Mitigating Bias with Words: Inducing Demographic Ambiguity in Face Recognition Templates by Text Encoding
Tahar Chettaoui, Naser Damer, Fadi Boutros

TL;DR
This paper introduces UTIE, a novel method that uses vision-language models to reduce demographic bias in face recognition by enriching embeddings with cross-demographic textual information, leading to fairer verification.
Contribution
The paper proposes UTIE, a new approach leveraging VLMs to induce demographic ambiguity in face embeddings, improving fairness without sacrificing accuracy.
Findings
UTIE reduces demographic bias metrics across benchmarks.
UTIE maintains or improves face verification accuracy.

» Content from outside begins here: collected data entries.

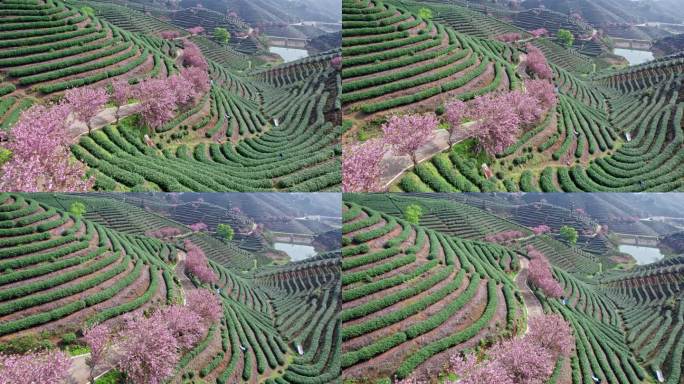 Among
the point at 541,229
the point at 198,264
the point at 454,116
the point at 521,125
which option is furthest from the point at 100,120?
the point at 541,229

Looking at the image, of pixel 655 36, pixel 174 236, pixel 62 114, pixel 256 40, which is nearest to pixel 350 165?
pixel 256 40

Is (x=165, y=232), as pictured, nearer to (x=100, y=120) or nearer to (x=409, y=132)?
(x=100, y=120)

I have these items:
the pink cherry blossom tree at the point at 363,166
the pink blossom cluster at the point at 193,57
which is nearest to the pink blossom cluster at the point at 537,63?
the pink cherry blossom tree at the point at 363,166

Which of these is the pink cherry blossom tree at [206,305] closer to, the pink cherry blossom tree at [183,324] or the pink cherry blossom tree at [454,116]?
the pink cherry blossom tree at [183,324]

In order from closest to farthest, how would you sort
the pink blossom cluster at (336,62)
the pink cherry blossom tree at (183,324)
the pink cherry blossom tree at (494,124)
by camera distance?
the pink cherry blossom tree at (494,124) → the pink cherry blossom tree at (183,324) → the pink blossom cluster at (336,62)

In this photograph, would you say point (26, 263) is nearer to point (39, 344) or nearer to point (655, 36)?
point (39, 344)

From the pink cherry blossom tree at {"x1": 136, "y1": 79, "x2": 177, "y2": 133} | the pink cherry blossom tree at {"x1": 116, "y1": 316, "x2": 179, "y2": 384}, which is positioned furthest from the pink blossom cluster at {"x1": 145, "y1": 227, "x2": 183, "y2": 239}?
the pink cherry blossom tree at {"x1": 136, "y1": 79, "x2": 177, "y2": 133}

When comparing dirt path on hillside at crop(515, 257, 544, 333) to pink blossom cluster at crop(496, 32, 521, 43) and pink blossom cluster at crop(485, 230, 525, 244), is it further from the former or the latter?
pink blossom cluster at crop(496, 32, 521, 43) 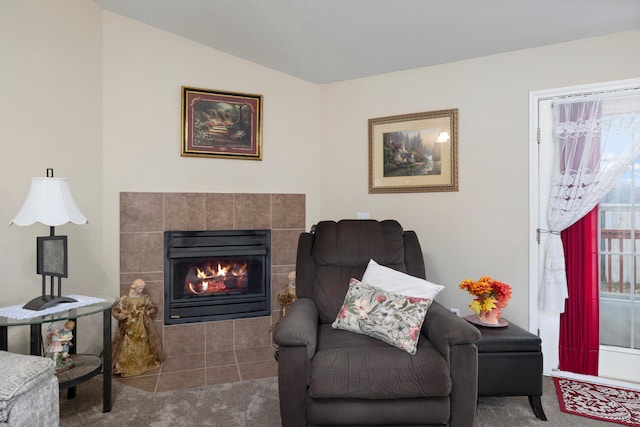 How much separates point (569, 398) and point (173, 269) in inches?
118

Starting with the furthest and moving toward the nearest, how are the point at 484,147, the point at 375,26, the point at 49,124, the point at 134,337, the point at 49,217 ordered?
1. the point at 484,147
2. the point at 134,337
3. the point at 375,26
4. the point at 49,124
5. the point at 49,217

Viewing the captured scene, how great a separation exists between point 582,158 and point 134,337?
3415 millimetres

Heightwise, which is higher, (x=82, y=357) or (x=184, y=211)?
(x=184, y=211)

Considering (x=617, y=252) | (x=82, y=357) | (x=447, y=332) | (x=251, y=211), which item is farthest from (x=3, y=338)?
(x=617, y=252)

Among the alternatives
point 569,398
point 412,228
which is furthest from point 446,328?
point 412,228

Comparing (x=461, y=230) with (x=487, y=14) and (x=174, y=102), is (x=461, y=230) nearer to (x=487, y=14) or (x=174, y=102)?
(x=487, y=14)

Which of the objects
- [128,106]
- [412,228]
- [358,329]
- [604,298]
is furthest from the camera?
[412,228]

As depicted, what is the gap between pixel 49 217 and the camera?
84.2 inches

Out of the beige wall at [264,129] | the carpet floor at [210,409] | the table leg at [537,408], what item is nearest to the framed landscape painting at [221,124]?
the beige wall at [264,129]

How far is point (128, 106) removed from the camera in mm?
3152

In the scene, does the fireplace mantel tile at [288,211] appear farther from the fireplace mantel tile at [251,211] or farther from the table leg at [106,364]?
the table leg at [106,364]

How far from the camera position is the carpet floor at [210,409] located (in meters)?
2.22

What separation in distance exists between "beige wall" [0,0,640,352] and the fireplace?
42cm

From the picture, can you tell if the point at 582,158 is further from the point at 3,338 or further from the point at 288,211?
the point at 3,338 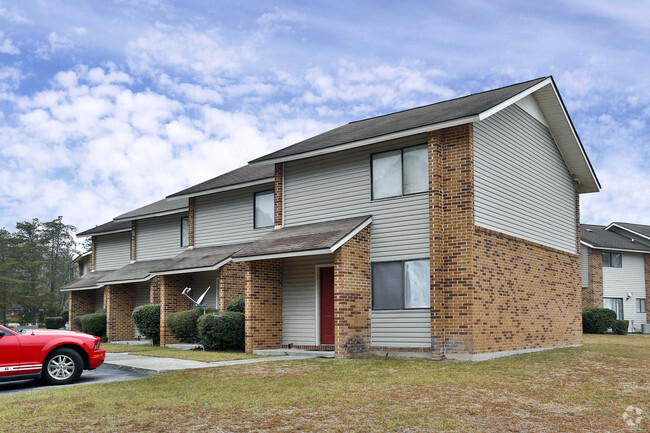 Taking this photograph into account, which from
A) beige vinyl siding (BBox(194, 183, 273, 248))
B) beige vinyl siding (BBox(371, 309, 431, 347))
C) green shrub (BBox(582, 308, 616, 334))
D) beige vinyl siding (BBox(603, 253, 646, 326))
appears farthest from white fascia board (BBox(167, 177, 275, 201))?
beige vinyl siding (BBox(603, 253, 646, 326))

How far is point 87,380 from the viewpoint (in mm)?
12883

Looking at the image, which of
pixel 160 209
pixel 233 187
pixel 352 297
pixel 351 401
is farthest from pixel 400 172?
pixel 160 209

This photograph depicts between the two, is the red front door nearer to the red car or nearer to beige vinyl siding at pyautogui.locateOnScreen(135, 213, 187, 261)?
the red car

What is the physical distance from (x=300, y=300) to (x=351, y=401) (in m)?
9.18

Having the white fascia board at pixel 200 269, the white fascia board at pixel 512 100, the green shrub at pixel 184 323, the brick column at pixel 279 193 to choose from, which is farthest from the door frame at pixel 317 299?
the white fascia board at pixel 512 100

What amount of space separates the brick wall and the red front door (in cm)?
170

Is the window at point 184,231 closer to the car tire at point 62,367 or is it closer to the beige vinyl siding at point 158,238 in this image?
the beige vinyl siding at point 158,238

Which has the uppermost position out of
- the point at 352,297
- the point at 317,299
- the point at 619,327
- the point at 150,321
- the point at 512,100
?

UTIE demonstrates effectiveness with multiple VLMs.
Abstract
Face recognition (FR) systems are often prone to demographic biases, partially due to the entanglement of demographic-specific information with identity-relevant features in facial embeddings. This bias is extremely critical in large multicultural cities, especially where biometrics play a major role in smart city infrastructure. The entanglement can cause demographic attributes to overshadow identity cues in the embedding space, resulting in disparities in verification performance across different demographic groups. To address this issue, we propose a novel strategy, Unified Text-Image Embedding (UTIE), which aims to induce demographic ambiguity in face embeddings by enriching them with information related to other demographic groups. This encourages face embeddings to emphasize identity-relevant features and thus promotes fairer verification performance across groups. UTIE leverages…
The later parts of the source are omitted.